Private documents and data extracted from them can be managed via a REST API.

See below details of three different ways to access the API.

API access

The recommended method for accessing the Private Document API is via one of the SDKs. SDKs are available for Python and NodeJS / TypeScript.

Concepts

Scribe's Private Documents platform processes your documents. Each document uploaded to the platform corresponds to a task. Each task is processed independently.

After a task has been processed, an output model is available to download. This model contains structured data from the input document, in JSON format.

Tasks

The core collection of Private Documents is tasks. Each task corresponds to a single document uploaded to the platform, and an individual output model.

Example task data:

{
"jobid": "abcd1234",
"client": "Example Bank",
"clientFilename": "Portfolio Company 1 Dec-22.pdf",
"status": "SUCCESS",
"submitted": 1689002639,
"modelUrl": "https://document-store.s3.eu-west-2.amazonaws.com/path/to/model.json?Signed-Link-To-Fetch-File"
}

Note that some fields are not always included: in particular, modelUrl is never present before the task has been processed.

Every task has a jobid, which is a unique identifier. The jobid can be used to fetch or modify a particular task, eg. GET /tasks/abcd1234 or DELETE /tasks/abcd1243.

Tasks are processed asynchronously.

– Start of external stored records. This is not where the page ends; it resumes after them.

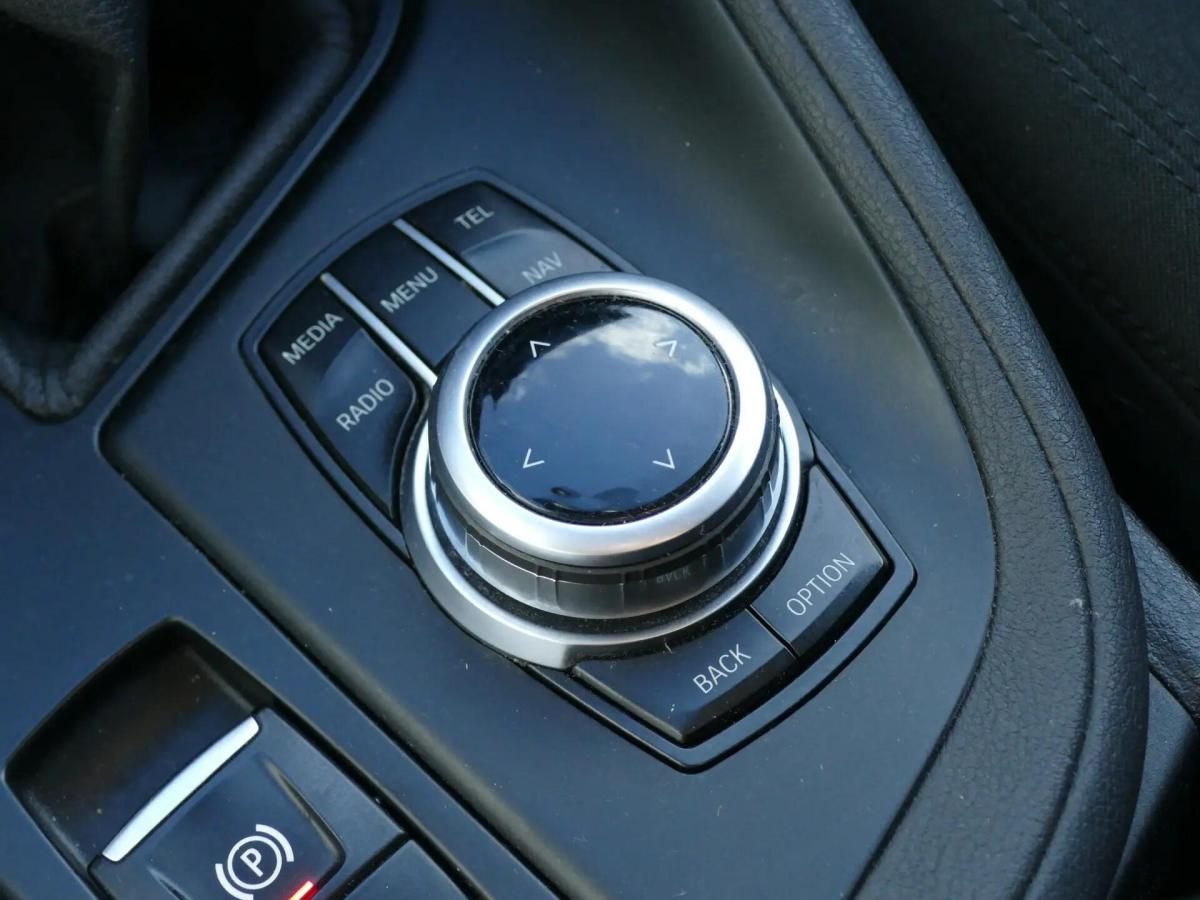 bmw-x1-2017-diesel-1496cc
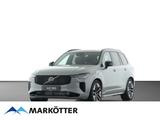 Volvo XC90 T8 AWD Ultra Dark Plug-In Hybrid 7-Sitzer - Volvo XC90 New cars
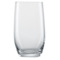 Набор для воды Zwiesel Glas Фреска графин 1 л и стаканы 330 мл 2 шт, 3 предмета, п/к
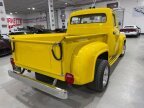 Thumbnail Photo 5 for 1956 Ford F100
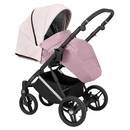 Lazzio - Öko Bőr - Prémium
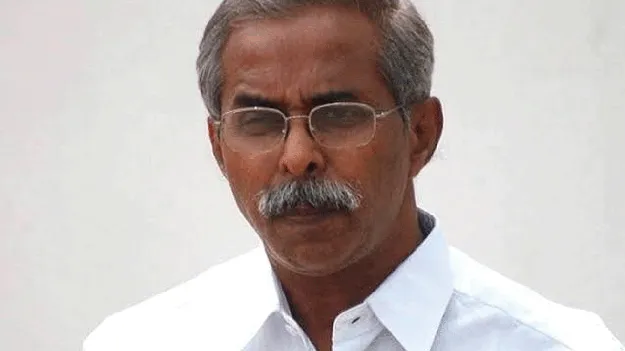 Y.S. Vivekananda Reddy: వివేకా హత్య కేసు విచారణలో ఏం జరుగుతోంది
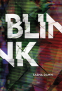 Cover Image: Blink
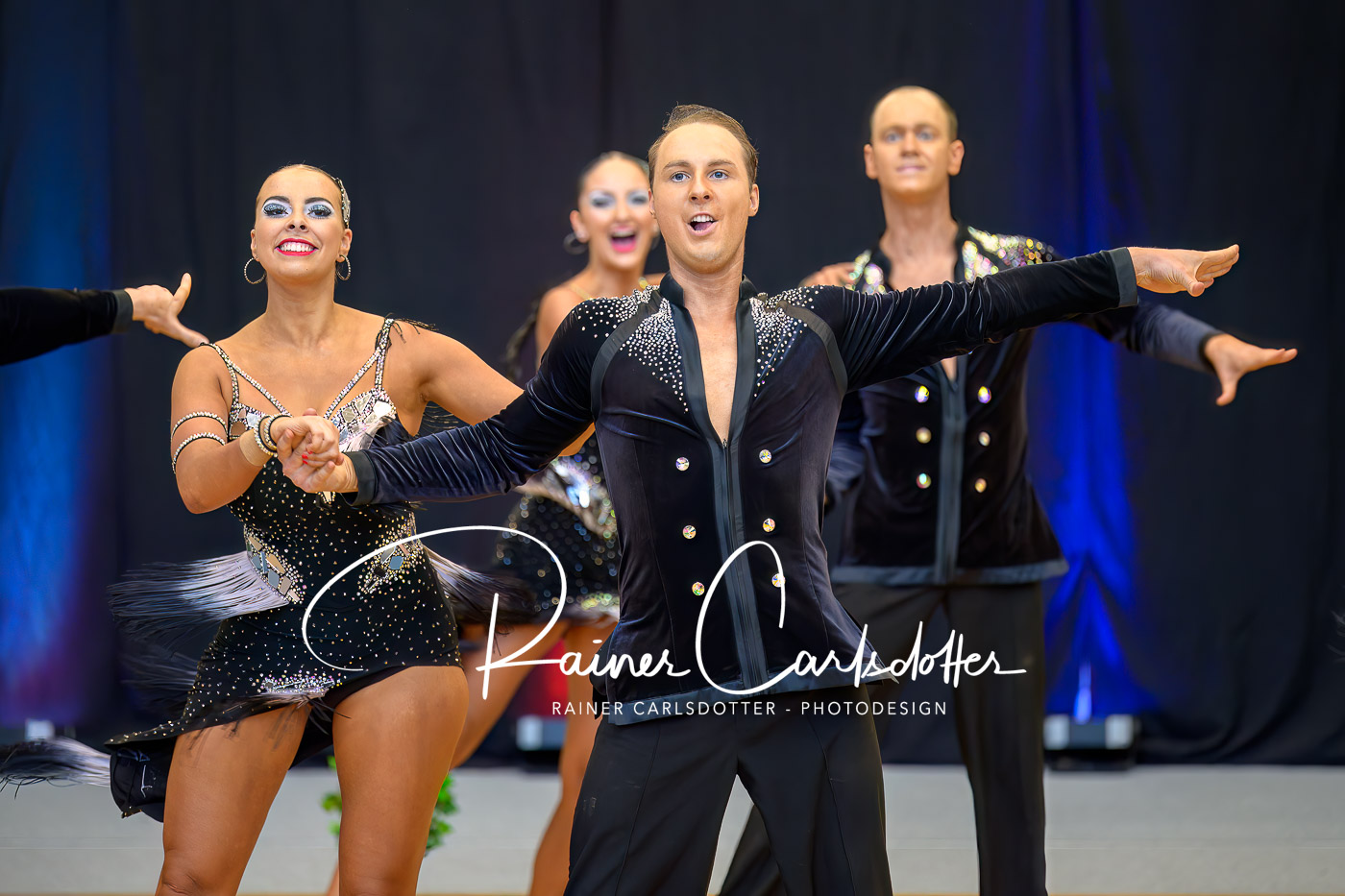 RC 20230326 Formation  DSC2972 B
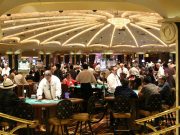 Online-kasinopelit, jotka mahdollistavat kryptovaluuttojen käytön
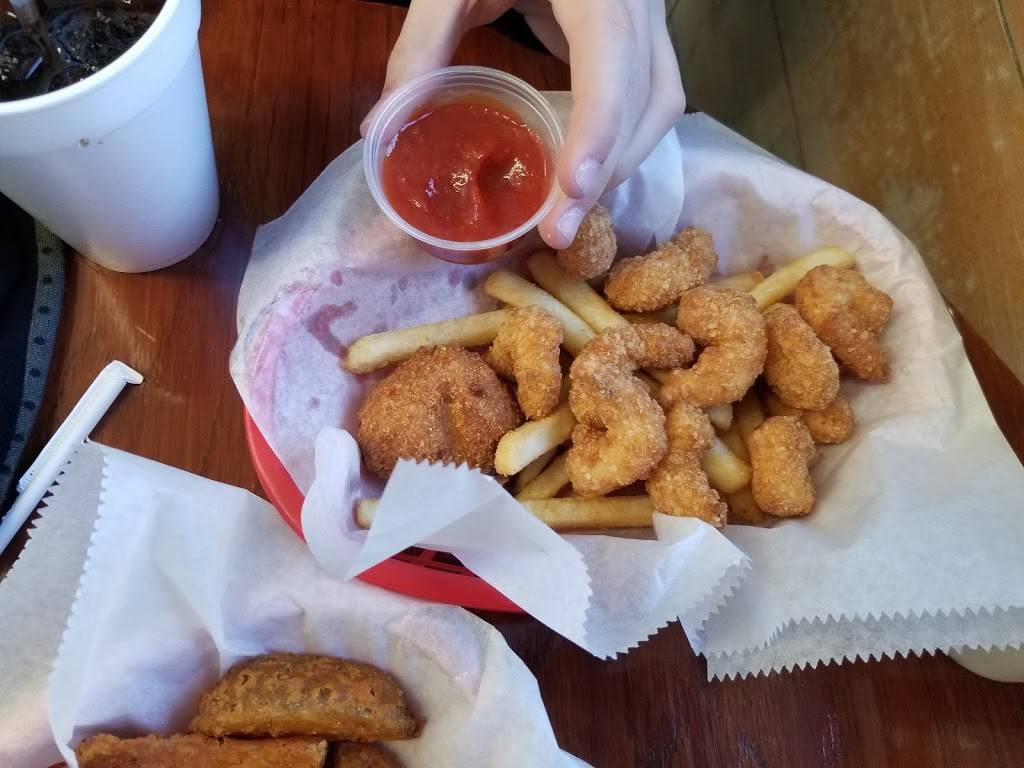 Hill Street Fish Fry | restaurant | 111 E Hill St, Louisville, KY 40208, USA | 5026363474 OR +1 502-636-3474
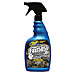 Zep Inc. ZU50532 Cleaner/Degreaser, w/ Trigger Spray, 32 oz., , ZPEZU50532, ZPE ZU50532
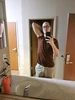 Profile picture of Cody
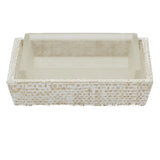 Ghent Bath Collection Bath Accessory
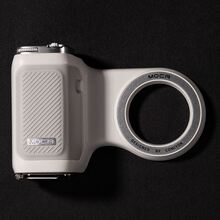 Стедикам COMITOK MOCA White (COMMOCAWH)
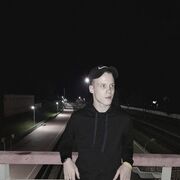  ,   oMiNaNt, 20 ,   ,   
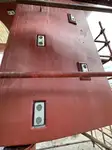 ট্রলার বিক্রির জন্য
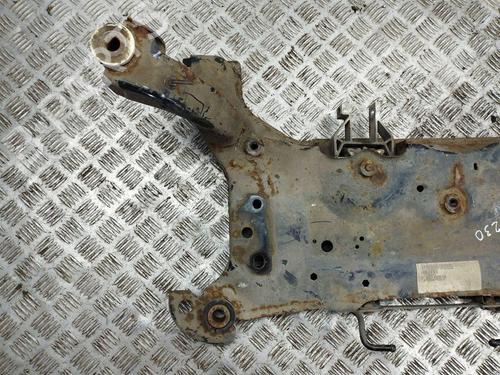 Subframe VOLVO V40 Hatchback (525) D4 | BP40191798M9  - Image 8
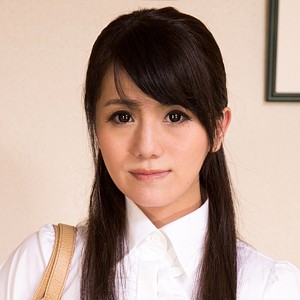 りさ 2 - 鉄人2号さん - tjng059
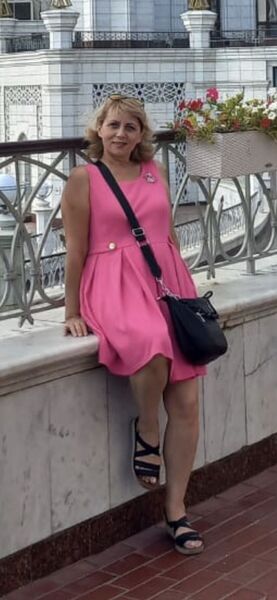  ,   , 49 ,   ,   , c , 
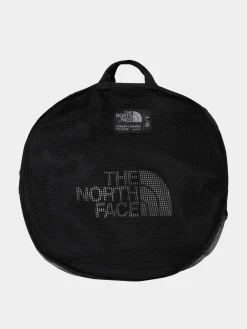 The North Face Bag Base Camp Duffel L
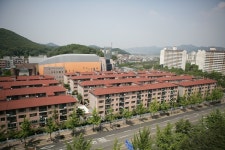 고잔연립9구역 재건축, 정비구역 변경지정 매듭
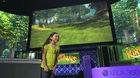 E3: Crónica: la conferencia de Microsoft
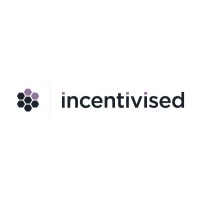 Incentivised.com logo - Similar company to South West Mortgages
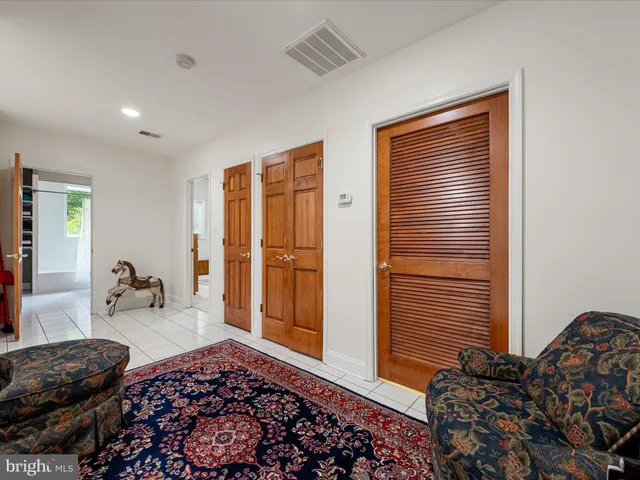 $1,850,000 | 3959 Cobbler Mountain Road, Delaplane, VA 20144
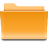Icon of Enigma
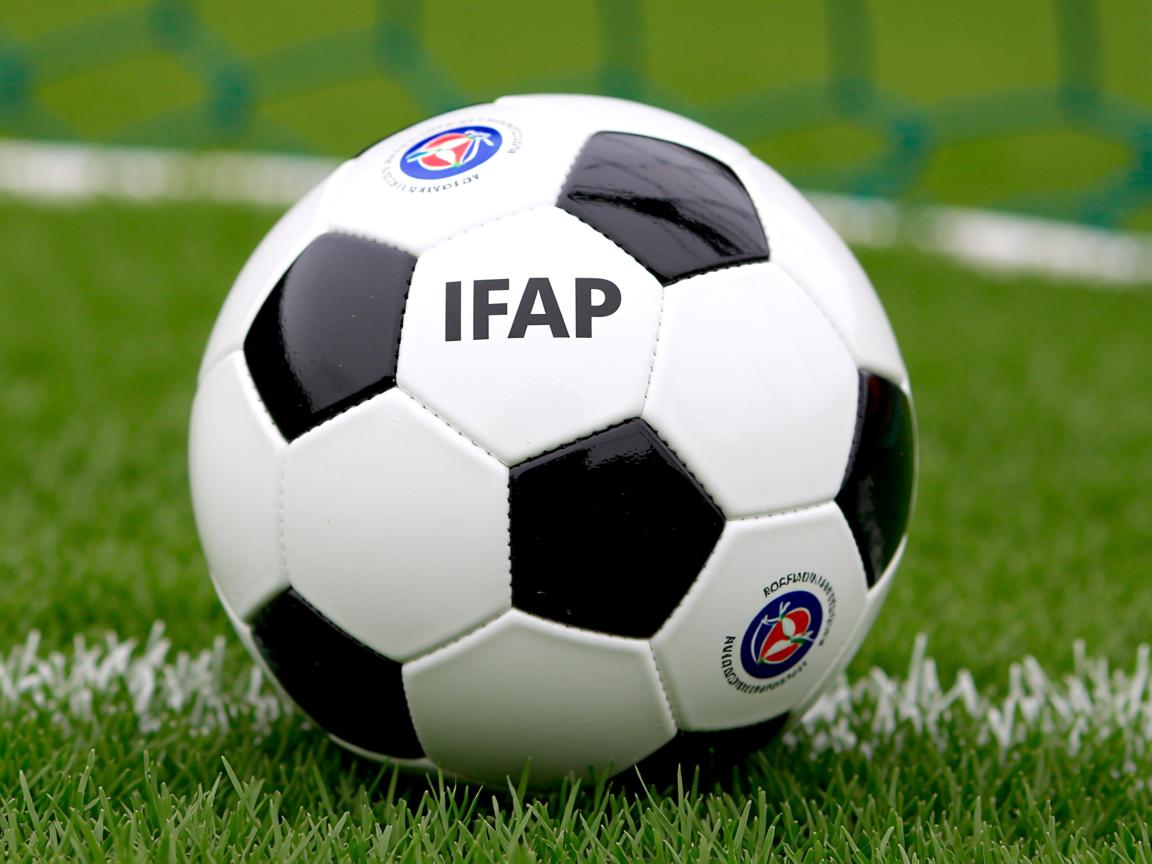 米兰体育milan-冠军技战术对比：中方节奏掌控更出色，冠军的比赛  第2张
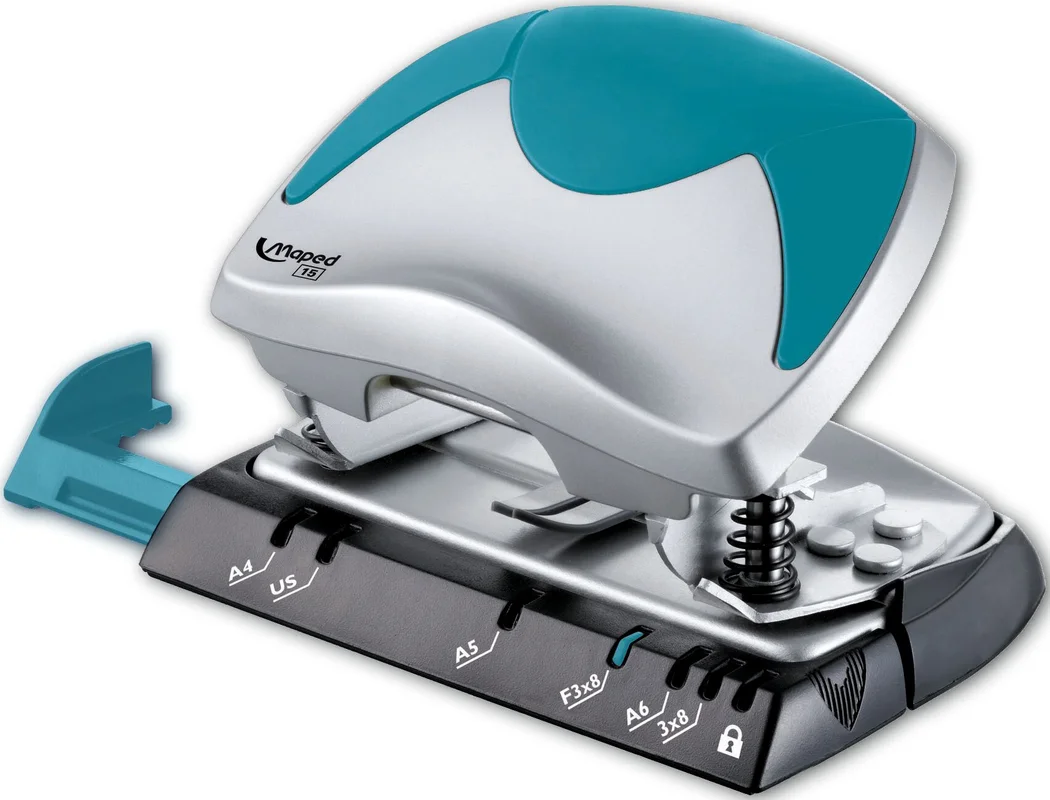 suprabazar-22497435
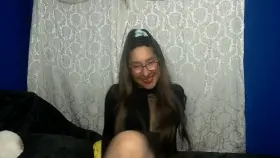 [malishka20] Bigass Anal GIF by malishka18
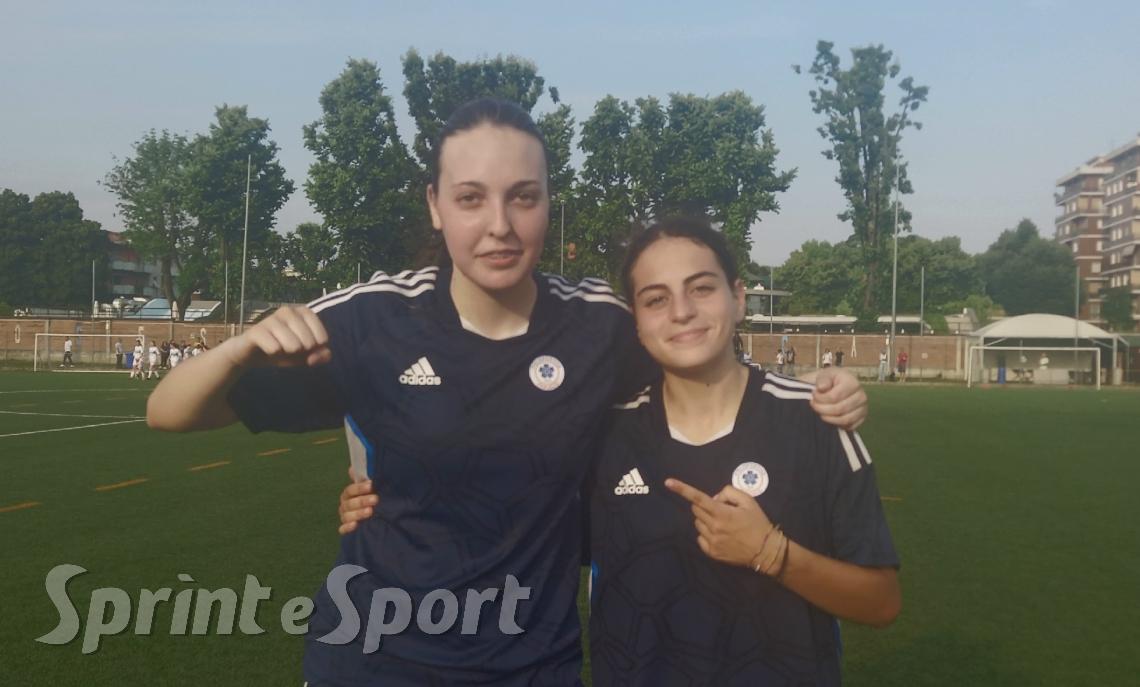 Succede di tutto tra espulsioni e miracoli in un'andata folle!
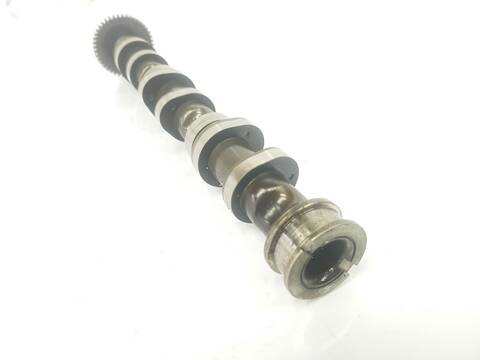 Foto 2ª: Arbol de Levas Audi A6 3.0 V6 24V TDI 224CV AUT. [BMK] (2004)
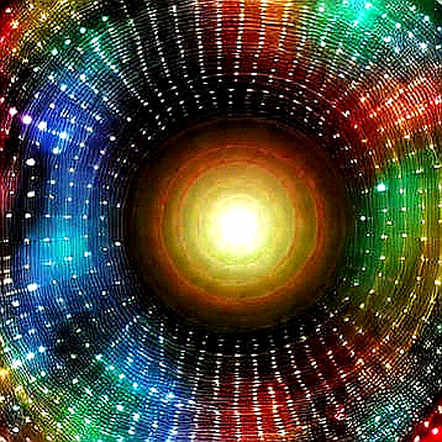 The Architecture of Absence: Why Empty Data Sets Reveal More Than You Think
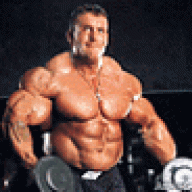 ironman0370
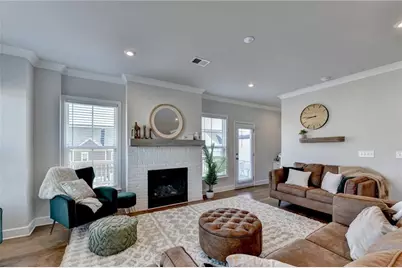 783 Kimball Lane, Buford, GA 30518 - Photo 14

You can track the progress of a task via the status field: status: "SUCCESS" indicates that the task has been successfully processed by Scribe.

When a task is first created, its status is "PENDING_UPLOAD". This indicates that a task has been created, but a document has not yet been uploaded corresponding to that task. Read more about task creation. If a document is not uploaded, a task in the PENDING_UPLOAD state will be automatically deleted after a period of time.

Models

When a task's status is "SUCCESS", an output model is available to download. Scribe creates one model per task.

The model can be downloaded via a signed URL, which is returned as part of the task data. Note that the signed URL is valid for a limited amount of time, so you should download the model immediately after fetching task data.

Deletion

Tasks can be deleted via the DELETE /tasks/{jobid} endpoint.

Deletion is irreversible: the original document, the output model and any other data derived from the original document are permanently deleted from the Scribe platform.

If a task is accidentally deleted, you will need to create a new task, upload the original document, and wait for processing.

Collation

For Fund Performance outputs, multiple models can be collated together. For example, you might want to export data for an entire portfolio, in a given quarter; or export data from multiple quarters relating to the same companies.

This is available via the GET /fund-portfolio endpoint.

The collated model has the same format as models corresponding to individual tasks.

Scribe platform

Private Documents can be managed via this API, and via Scribe's web platform. While the API provides more flexibility, the Scribe platform can be used without writing any code.

You can manage Private Documents using either or both: for example, data teams could upload documents via the web interface, and use the API to export outputs to a data lake after processing.